In the entries below, find every line holding the string "flower" and collect it.
***** Supplied information
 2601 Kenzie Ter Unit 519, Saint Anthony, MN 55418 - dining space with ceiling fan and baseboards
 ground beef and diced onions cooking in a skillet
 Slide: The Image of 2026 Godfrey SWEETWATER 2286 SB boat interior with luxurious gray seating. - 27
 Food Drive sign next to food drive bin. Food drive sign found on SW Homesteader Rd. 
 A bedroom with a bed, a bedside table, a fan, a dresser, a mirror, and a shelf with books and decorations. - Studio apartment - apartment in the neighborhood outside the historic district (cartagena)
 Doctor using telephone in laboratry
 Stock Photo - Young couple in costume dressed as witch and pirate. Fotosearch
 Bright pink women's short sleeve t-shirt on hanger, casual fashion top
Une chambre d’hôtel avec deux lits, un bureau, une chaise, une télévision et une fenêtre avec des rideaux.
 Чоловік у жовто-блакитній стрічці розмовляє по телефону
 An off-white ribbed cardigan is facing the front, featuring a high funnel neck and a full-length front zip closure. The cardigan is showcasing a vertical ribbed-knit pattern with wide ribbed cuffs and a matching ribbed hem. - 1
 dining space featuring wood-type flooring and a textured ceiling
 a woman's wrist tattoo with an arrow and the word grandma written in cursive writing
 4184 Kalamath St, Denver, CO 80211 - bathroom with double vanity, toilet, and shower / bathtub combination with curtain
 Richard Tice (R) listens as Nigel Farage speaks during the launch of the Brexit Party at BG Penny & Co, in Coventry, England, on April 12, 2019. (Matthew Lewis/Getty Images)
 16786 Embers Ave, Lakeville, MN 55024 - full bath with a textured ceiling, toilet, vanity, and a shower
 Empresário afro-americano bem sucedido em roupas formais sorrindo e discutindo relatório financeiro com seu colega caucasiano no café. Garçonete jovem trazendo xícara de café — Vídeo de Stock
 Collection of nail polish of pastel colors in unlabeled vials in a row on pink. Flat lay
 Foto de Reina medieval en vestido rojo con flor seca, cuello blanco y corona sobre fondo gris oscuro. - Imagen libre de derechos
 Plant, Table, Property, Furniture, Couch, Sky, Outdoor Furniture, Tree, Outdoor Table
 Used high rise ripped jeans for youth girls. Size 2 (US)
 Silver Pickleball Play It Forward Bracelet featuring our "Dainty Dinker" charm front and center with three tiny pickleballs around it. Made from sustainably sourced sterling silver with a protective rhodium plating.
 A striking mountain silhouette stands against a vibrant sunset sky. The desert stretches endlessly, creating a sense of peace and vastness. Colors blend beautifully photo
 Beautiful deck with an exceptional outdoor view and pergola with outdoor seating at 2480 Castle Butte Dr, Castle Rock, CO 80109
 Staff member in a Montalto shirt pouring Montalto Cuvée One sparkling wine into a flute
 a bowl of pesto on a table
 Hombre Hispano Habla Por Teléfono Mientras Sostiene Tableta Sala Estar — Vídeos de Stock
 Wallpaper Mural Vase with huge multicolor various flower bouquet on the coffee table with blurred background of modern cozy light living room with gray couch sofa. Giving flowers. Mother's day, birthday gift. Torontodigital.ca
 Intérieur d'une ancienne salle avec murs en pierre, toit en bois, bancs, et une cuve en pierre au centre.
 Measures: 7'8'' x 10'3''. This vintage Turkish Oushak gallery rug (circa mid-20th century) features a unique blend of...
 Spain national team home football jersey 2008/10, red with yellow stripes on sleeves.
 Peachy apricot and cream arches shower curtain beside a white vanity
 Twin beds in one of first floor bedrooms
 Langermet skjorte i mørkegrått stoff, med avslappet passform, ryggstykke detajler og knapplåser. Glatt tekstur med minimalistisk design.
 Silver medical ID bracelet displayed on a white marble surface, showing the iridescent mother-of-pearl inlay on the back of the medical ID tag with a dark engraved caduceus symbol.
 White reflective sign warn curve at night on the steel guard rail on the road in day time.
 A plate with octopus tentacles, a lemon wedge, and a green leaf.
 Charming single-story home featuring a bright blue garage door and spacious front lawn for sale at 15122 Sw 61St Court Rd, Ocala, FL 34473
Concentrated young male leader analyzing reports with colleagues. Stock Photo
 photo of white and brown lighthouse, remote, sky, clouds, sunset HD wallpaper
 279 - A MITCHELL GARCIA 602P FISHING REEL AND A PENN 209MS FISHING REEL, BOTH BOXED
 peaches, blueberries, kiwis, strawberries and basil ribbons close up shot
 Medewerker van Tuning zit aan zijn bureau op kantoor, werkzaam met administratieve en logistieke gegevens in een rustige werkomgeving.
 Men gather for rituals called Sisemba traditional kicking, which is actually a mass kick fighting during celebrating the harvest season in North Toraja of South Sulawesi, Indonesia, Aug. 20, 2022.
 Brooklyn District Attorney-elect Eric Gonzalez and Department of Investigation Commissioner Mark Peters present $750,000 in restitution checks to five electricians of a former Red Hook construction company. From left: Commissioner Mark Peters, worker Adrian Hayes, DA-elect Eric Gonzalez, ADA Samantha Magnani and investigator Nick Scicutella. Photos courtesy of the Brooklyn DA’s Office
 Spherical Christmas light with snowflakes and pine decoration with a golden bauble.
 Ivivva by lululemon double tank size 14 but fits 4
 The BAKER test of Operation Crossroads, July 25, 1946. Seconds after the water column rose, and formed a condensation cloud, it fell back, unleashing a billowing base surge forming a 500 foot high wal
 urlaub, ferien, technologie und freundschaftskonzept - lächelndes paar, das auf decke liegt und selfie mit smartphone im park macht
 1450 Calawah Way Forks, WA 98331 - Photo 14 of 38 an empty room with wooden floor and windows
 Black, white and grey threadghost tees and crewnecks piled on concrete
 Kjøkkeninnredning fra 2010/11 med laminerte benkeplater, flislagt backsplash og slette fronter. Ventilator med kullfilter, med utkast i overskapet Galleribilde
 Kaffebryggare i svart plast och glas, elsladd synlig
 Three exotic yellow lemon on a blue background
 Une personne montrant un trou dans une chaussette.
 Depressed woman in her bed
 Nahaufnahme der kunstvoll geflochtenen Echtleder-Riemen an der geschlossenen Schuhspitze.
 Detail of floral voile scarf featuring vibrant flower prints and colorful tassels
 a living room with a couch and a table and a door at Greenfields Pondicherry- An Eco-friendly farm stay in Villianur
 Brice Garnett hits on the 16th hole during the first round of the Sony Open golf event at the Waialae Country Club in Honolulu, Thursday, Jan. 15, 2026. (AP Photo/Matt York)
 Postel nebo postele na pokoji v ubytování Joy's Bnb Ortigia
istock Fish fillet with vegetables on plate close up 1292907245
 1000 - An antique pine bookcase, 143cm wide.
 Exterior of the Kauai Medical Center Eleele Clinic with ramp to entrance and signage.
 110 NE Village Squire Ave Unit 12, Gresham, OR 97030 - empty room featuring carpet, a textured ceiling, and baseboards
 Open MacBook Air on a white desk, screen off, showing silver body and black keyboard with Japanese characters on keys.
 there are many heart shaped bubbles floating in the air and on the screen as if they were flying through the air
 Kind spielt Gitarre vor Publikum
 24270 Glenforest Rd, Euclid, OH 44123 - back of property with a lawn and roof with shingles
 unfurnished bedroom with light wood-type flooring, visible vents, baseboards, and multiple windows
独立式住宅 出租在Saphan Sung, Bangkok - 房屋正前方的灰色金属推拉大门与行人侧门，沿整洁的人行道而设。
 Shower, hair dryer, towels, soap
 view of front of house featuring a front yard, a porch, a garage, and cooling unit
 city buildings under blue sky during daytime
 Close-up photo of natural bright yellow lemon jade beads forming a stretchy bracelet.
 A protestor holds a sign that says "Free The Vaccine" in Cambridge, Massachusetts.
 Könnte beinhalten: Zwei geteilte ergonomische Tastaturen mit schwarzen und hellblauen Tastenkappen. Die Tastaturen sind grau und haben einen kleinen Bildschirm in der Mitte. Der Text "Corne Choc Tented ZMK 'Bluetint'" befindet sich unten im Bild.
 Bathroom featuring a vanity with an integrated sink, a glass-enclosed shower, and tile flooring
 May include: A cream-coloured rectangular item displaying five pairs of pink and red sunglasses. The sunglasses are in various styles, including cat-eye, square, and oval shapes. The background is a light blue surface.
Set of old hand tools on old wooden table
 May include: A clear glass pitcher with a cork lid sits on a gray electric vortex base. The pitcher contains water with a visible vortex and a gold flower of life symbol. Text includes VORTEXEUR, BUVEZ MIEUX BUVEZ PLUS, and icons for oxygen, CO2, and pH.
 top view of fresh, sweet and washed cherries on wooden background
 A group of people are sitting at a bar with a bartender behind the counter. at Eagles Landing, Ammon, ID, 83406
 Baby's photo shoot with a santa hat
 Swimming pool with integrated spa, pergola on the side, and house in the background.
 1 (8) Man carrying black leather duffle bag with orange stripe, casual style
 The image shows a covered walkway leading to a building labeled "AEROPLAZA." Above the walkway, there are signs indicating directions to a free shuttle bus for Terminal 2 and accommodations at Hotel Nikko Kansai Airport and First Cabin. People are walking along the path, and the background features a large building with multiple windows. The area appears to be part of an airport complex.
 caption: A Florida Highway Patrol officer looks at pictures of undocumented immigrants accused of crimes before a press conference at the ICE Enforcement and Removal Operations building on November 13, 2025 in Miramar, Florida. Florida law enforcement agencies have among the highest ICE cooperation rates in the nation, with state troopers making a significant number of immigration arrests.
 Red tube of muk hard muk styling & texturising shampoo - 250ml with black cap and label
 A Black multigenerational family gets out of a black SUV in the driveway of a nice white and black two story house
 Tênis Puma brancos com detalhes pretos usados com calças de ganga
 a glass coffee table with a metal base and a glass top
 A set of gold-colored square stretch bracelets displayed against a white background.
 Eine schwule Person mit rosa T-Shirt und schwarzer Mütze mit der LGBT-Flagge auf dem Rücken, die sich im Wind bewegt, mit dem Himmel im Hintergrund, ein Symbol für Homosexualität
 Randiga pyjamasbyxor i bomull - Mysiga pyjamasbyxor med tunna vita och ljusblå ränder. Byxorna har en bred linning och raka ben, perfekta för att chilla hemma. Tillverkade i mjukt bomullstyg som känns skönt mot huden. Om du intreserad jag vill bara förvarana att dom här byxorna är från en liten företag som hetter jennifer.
**********
=== Exercise response ===
 Wallpaper Mural Vase with huge multicolor various flower bouquet on the coffee table with blurred background of modern cozy light living room with gray couch sofa. Giving flowers. Mother's day, birthday gift. Torontodigital.ca
 Detail of floral voile scarf featuring vibrant flower prints and colorful tassels
 May include: A clear glass pitcher with a cork lid sits on a gray electric vortex base. The pitcher contains water with a visible vortex and a gold flower of life symbol. Text includes VORTEXEUR, BUVEZ MIEUX BUVEZ PLUS, and icons for oxygen, CO2, and pH.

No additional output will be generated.